Yes. Where are the kids when all of this is going on?

Anonymous
by Anonymous 1 - Original Poster on Jun. 18, 2017 at 3:19 PM
DS is 16

Quoting Anonymous 2:

Yes. Where are the kids when all of this is going on?

corticosteroid
by Sapphire Member on Jun. 18, 2017 at 3:20 PM

What is it you'd like to be doing?

Anonymous
by Anonymous 1 - Original Poster on Jun. 18, 2017 at 3:23 PM
Going for a walk or actually bike riding, I dont mind if he is off in another room where he is doing something and i am doing something but us being able to at least talk back and forth.
I think the comments bother me more though it makes me feel like I have to schedule time with him and be happy with the time I'm allotted

Quoting corticosteroid:

What is it you'd like to be doing?

Anonymous
by Anonymous 3 on Jun. 18, 2017 at 3:25 PM
1 mom liked this

It sounds like he spends time with you when it's convenient for him.  Life is too short for that nonsense.

Anonymous
by Anonymous 4 on Jun. 18, 2017 at 3:25 PM
Sounds like he has a sleeping problem not a working to much problem. Does he not sleep well at night?
Anonymous
by Anonymous 1 - Original Poster on Jun. 18, 2017 at 3:27 PM
He sleeps fine at night I know his job is hard Labour for him so it wears him out. I took take that into consideration. I think it's the comments that bother me more

Quoting Anonymous 4: Sounds like he has a sleeping problem not a working to much problem. Does he not sleep well at night?
onethentwins
by Ruby Member on Jun. 18, 2017 at 3:27 PM

I understand where you're coming from.  I never wanted a man who worked long hours, even if that meant a lot of money, because I wanted someone to be with.  I don't think he's taking your needs into consideration.  Friday night and Sunday morning sounds more like dating than marriage. 
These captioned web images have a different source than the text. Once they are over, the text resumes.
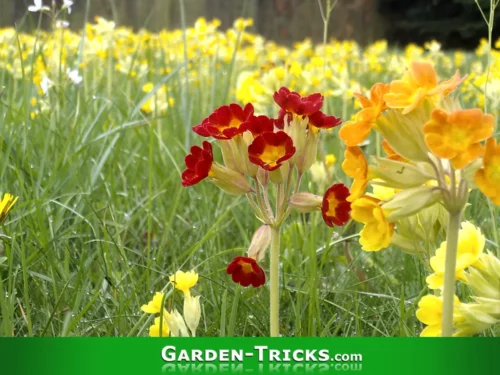 Eine Wiese voll mit gelben Schlüsselblumen. Die Farbe Rot ist ziemlich selten.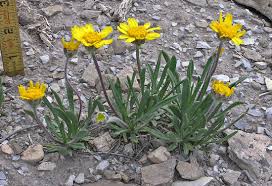 10 Medicinal Health Benefits of Tetraneuris torreyana (Torrey's four-nerve daisy)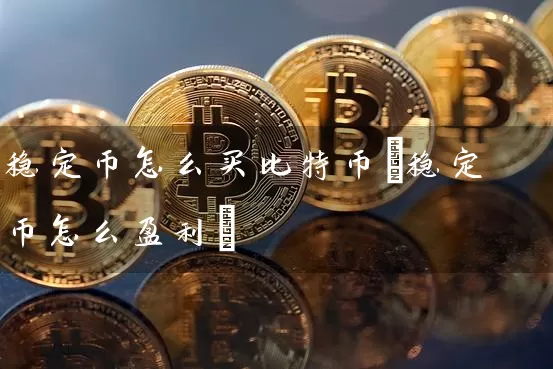 稳定币怎么买比特币(稳定币怎么盈利)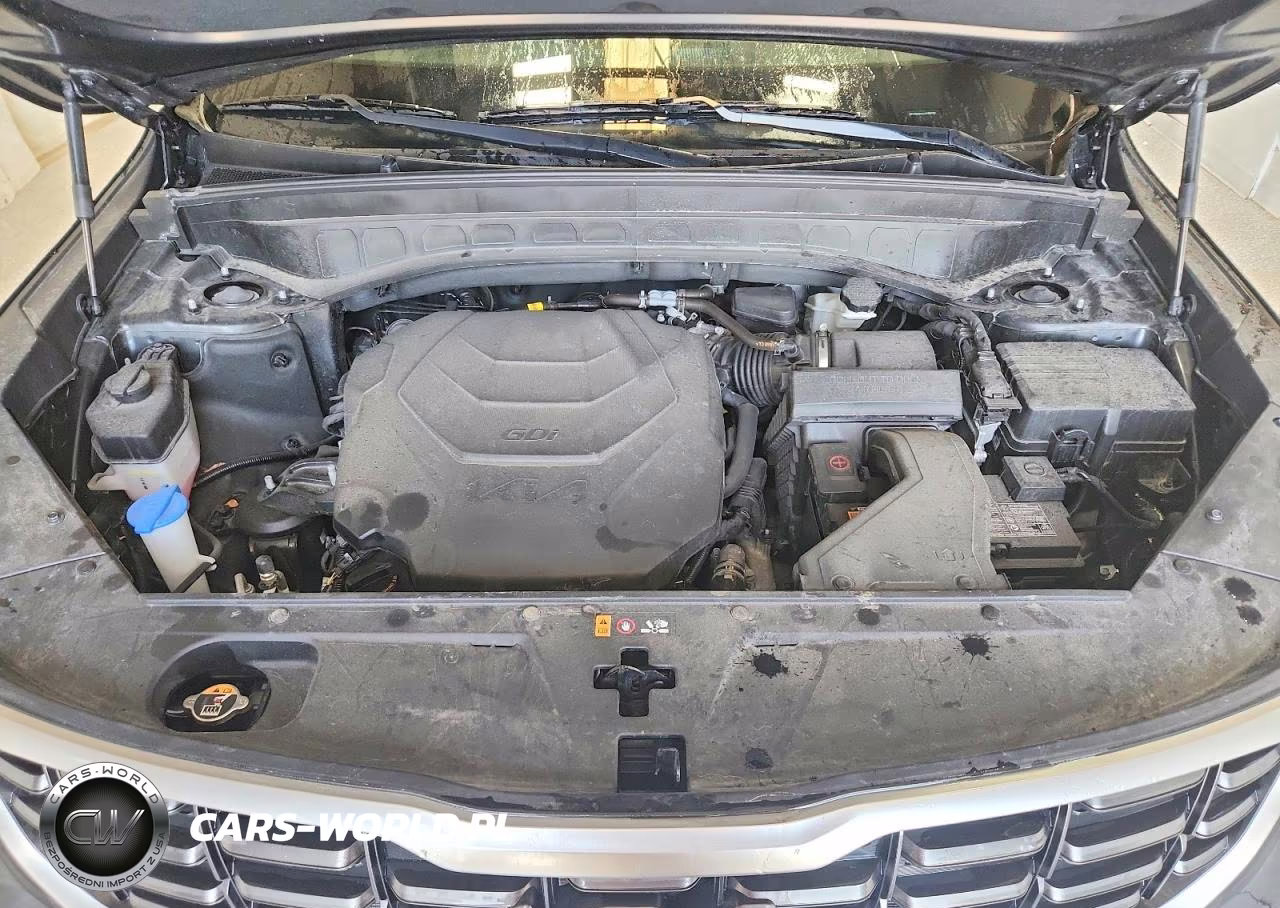 2025 Kia Telluride S VIN:5XYP6DGC6SG693450 - 11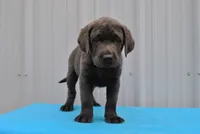 Bo, a male Labrador Retriever for sale in Elroy, WI – 2 of 6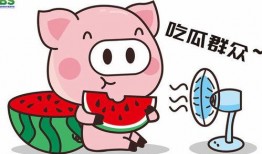 娱乐吃瓜酱蠢人,蠢人生涯的趣味解读
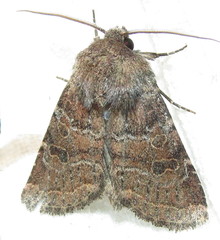 Protorthodes oviduca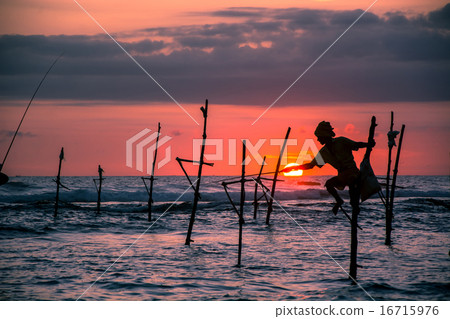 sri lankan traditional fisherman on stick in the I 16715976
If I were you I'd tell him I'm glad he got the job he loves, but you need more time together to be happy. See what it says.  Also, I'd think about if there's a reason he doesn't want to be around me and make sure that he does.

Anonymous
by Anonymous 1 - Original Poster on Jun. 18, 2017 at 3:30 PM
We get along fine. Even if i, disappointed I do my best not too show it. I work as well but since I get home first i make dinner. He compliments me every night on my cooking and tells me I'm so great and he is so lucky.
We don't have big arguments. We have disagreements the odd time but we talk them out pretty good

Quoting onethentwins:

I understand where you're coming from.  I never wanted a man who worked long hours, even if that meant a lot of money, because I wanted someone to be with.  I don't think he's taking your needs into consideration.  Friday night and Sunday morning sounds more like dating than marriage. 

If I were you I'd tell him I'm glad he got the job he loves, but you need more time together to be happy. See what it says.  Also, I'd think about if there's a reason he doesn't want to be around me and make sure that he does.

JustKeepsmoving
by Silver Member on Jun. 18, 2017 at 3:36 PM
1 mom liked this
My husband works 90+ hours a week and usually 7 days a week. It's tough sometimes.